→ **Description of the task**: Everything in the listing should be copied exactly, save for the pictures.

→ **Stored data**:

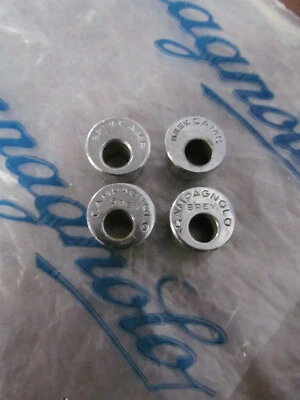 Vintage Campagnolo Super Record-Record Spare Part Brakes Used perfect - Immagine 1 di 4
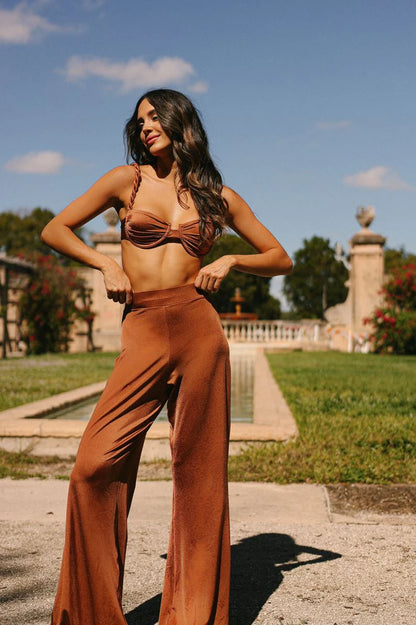 BRONZED PANTS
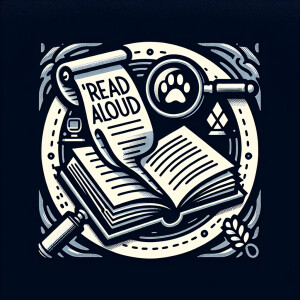 Design an icon that represents the 'Read Aloud' feature, optimiz...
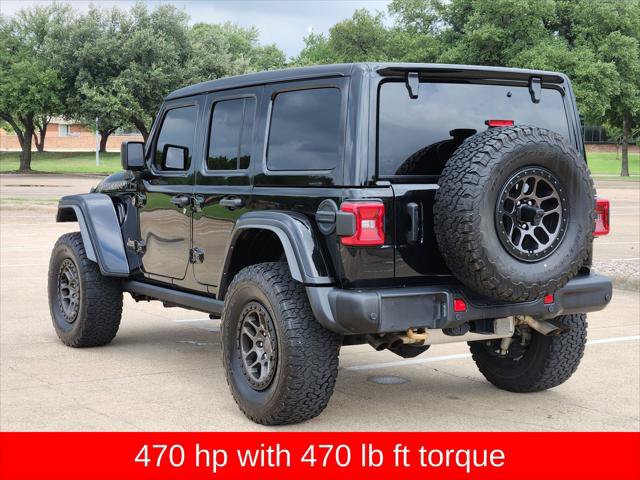 Certified 2022 Jeep Wrangler Unlimited Rubicon w/ Xtreme Recon 35" Tire Package AWD/4WD image 4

→ **Result of this exercise**:
 Vintage Campagnolo Super Record-Record Spare Part Brakes Used perfect - Immagine 1 di 4
 BRONZED PANTS
 Design an icon that represents the 'Read Aloud' feature, optimiz...
 Certified 2022 Jeep Wrangler Unlimited Rubicon w/ Xtreme Recon 35" Tire Package AWD/4WD image 4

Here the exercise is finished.